La première est que, le débat public américain étant monopolisé par la réforme du système de santé, le Obamacare , les électeurs de cet État avaient une bonne raison pour ne pas appuyer les démocrates. Ils ont en effet tout ce qu'il faut à la maison: le Massachusetts s'est déjà donné une couverture presque universelle des soins de santé - moins de 2,6% des 6,3 millions de citoyens ne sont pas assurés.

 

Second point: on gagne rarement une élection avec un mauvais candidat. Or, l'aspirante démocrate, Martha Coakley, vue à tort ou à raison comme suffisante et déconnectée, a fait une très mauvaise campagne.

Cependant, rien de cela ne fait oublier que, exactement un an après avoir été assermenté, le 44e président des États-Unis vient de subir une belle raclée.

Or, on peut estimer - c'est notre cas - que le traitement qu'on lui a infligé est injuste.

Certes, il a fallu se rendre à l'évidence: Barack Obama est incapable de marcher sur les eaux... S'il a bien fait dans les dossiers de l'Irak et même de l'économie, il a beaucoup jonglé avec l'Afghanistan et avec Guantanamo; il a échappé le taux de chômage, supérieur à 10%; il n'est pas encore parvenu à dompter la bête de la réforme de la santé (laquelle, théoriquement, peut encore être adoptée au Congrès).

Mais tout de même.

En devenant président, Obama a dû accepter un monstrueux héritage de guerres, de crise économique, de honte nationale - bien qu'il faille maintenant cesser de le rappeler. Et dès le début, la virulence des critiques formulées à son endroit, peut-être pas plus grande qu'elle l'était contre George W. Bush, a cependant été d'une autre nature, plus profondément méchante et vicieuse - rappelons seulement l'épisode du certificat de naissance...

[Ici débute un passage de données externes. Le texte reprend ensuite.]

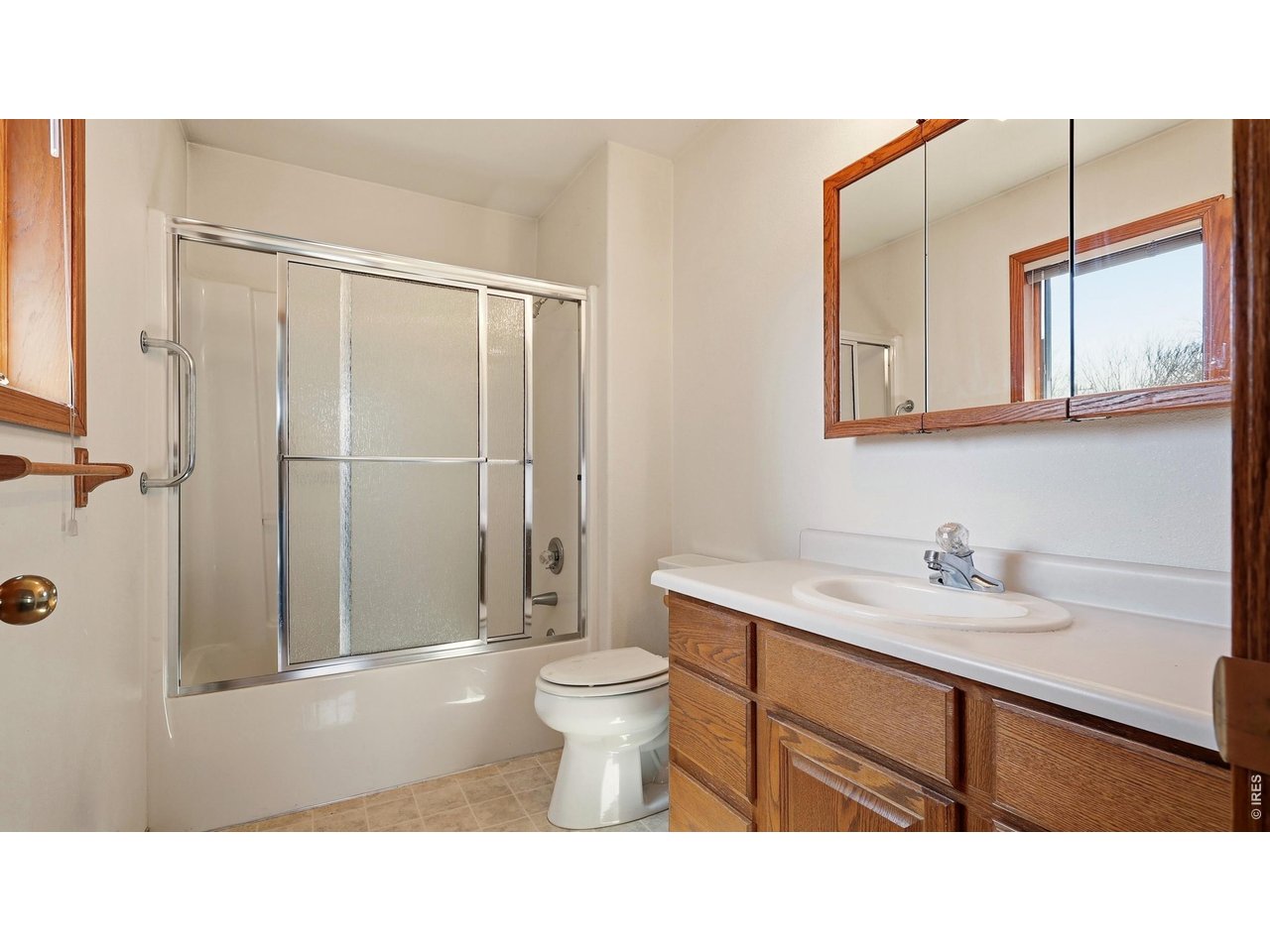 705 Ute Street Fort Morgan, CO 80701 - Photo 15 of 33 a bathroom with a sink a toilet and shower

Peut-on nier que, malgré cela, Barack Obama a fait entrer une grande quantité d'intelligence à la Maison-Blanche? Et qu'il a utilisé ce matériau pour rebâtir la fibre morale, la dignité, l'ouverture, l'image des États-Unis? Quelqu'un a calculé (dans The Economist) que la valeur de la «marque» Amérique, si elle était évaluée comme les «marques» Sony ou Coca-Cola, serait passée sous Obama de 9700 à 11 800 milliards US! Traduction: en un an, la planète a grandement repris confiance en cette nation-là.

N'est-ce pas en soi, après la décennie Bush, une stupéfiante réalisation de Barack Obama?